The capitalist lays out a vision of what he thinks will meet people's needs better than they are being met at present. This requires a particular expertise which is in itself a labour contribution over and above that of the other employees which is unique to the entrepreneur. If his vision is clear, indeed he will make a profit. If it is faulty, he will make a loss. This is not a necessary risk, absent the profit motive a rich person is more likely to buy a bigger house or go on a cruise. But the capitalist takes a risk now, and foregoes consumption, in hope that he will reap the benefit later. That is part of what he is being paid for.
Another part of what he is being paid for is the time between making the investment and getting paid for that investment. We would all rather have resources in the here-and-now than some time in the future, because the future is uncertain, that is why lenders can charge interest on money that they borrow. They are choosing to forgo a smaller amount of consumption now for a larger one in future. The workers get paid now, the capitalist gets paid later only after the product has sold, and only IF it is sold, after everyone else has been paid. Economist Eugen von Böhm-Bawerk explained that far from exploiting labor, the capitalist removes the burden of waiting for income from the workers. If they wanted to produce the goods themselves they would also have to wait until they could find a buyer before gaining a stable wage, and first save or borrow in order to accumulate the resources to buy a factory or workshop without the help of the capitalist.
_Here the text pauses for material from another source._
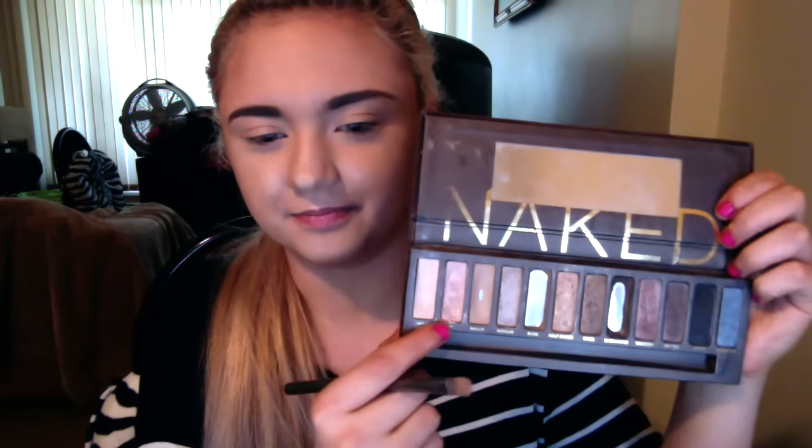I'm just going to take the shade Sin with the eyeshadow brush that came with it and pack that all over my eyelid, building up the color to get a really nice bright shimmery color. You could do matte, but I like a little shimmer. I also like to take whatever's left on the brush and run that through the inner corner and around my tear duct just to bring some brightness to my eyes.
Finally, it's worth mentioning that the capitalist is increasing the value of the worker's labor! If a man decides to try out the same manoeuvres which might get them somewhere in a factory out in a field it will not produce much of value to anyone else. Clearly workers can earn more working for their employer than for themselves otherwise they would simply declare themselves self-employed and get on with making a higher income. Perhaps some of them can earn more working for themselves but do not want to take on the responsibilities entailed which are currently met by the firm which employs them. This too is evidence that capitalists are providing value.
Marxists hold that capitalists simply skim their profits off the top while providing no value of their own — that they are "extracting surplus value" from their workers. But if that was true, non-profit organisations would just swoop in and undercut profit-making firms by eliminating the "dead weight" costs of paying a capitalist. They do not because they cannot. Capitalists are clearly providing some competence or vision which benefits their workers. Each benefits from the mutual exchange, as evidence by the fact that if the worker could get a better deal s/he would take it, and if the employer could find a better workers, s/he would hire them instead.
Ultimately, wages are not an arbitrary figure but a reflection of how much value an employee is able to provide to a customer. If a person wants to do away with an employer they can do so by learning skills, either on the job or on the side, which will allow them to work for themselves. Likewise, profits are not arbitrary but a reflection of how much value a company is providing on the marketplace. Provided, of course, that they are drawing their profits from serving the market place rather than lobbying or appealing to the state, but that is another article.